Metadata-Version: 2.1
Name: pydatafaker
Version: 0.1.2
Summary: A python package to create fake data with relationships between tables.
Home-page: https://github.com/SamEdwardes/pydatafaker
License: MIT
Keywords: python,fake,data,fake-data
Author: Sam Edwardes
Requires-Python: >=3.7,<4.0
Classifier: License :: OSI Approved :: MIT License
Classifier: Programming Language :: Python :: 3
Classifier: Programming Language :: Python :: 3.7
Classifier: Programming Language :: Python :: 3.8
Classifier: Programming Language :: Python :: 3.9
Requires-Dist: faker (>=4.1.2,<5.0.0)
Requires-Dist: pandas (>=1.1.1,<2.0.0)
Project-URL: Documentation, https://pydatafaker.readthedocs.io/en/latest/index.html
Project-URL: Repository, https://github.com/SamEdwardes/pydatafaker
Description-Content-Type: text/markdown

![logo](https://raw.githubusercontent.com/SamEdwardes/pydatafaker/master/docs/source/_static/logo_with_grey_text.png)

![test_with_pytest](https://github.com/SamEdwardes/pydatafaker/workflows/test_with_pytest/badge.svg)
[![Documentation Status](https://readthedocs.org/projects/pydatafaker/badge/?version=latest)](https://pydatafaker.readthedocs.io/en/latest/?badge=latest)

PyDataFaker is a python package to create fake data with relationships between tables.
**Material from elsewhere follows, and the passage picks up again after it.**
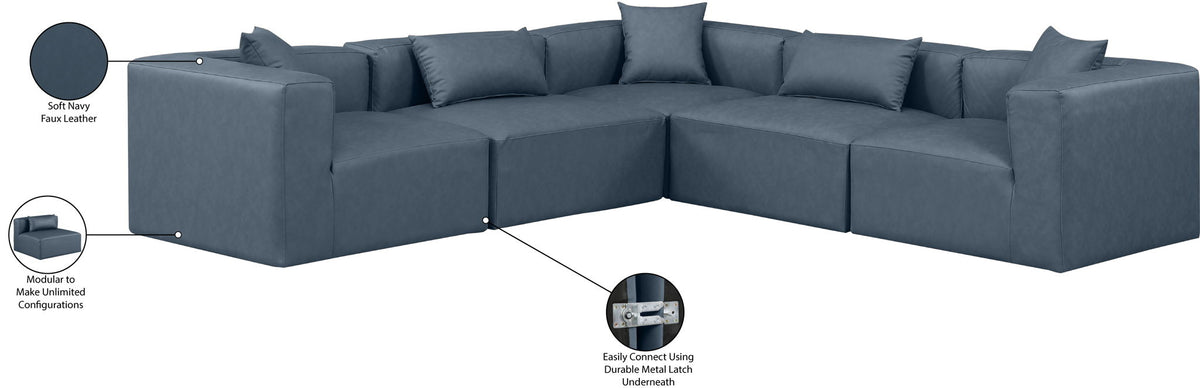 Cube - 5 Piece Modular Corner Sectional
Creating fake data can be useful for many different applications such as creating product demos or testing software. 

Python already has a great package for creating fake data called Faker [https://faker.readthedocs.io/en/master/](https://faker.readthedocs.io/en/master/). Faker is great for creating individual fake units of data, but it can be time consuming to create more complicated fake data that is actually related to one another.

Imagine you are developing a new enterprise resource planning (ERP) software to challenge SAP. You may need to create some fake data to test your application. You will need an invoice table, a vendor listing, purchase order table, and more. PyDataFaker allows your to quickly create these tables and generates relationships between them!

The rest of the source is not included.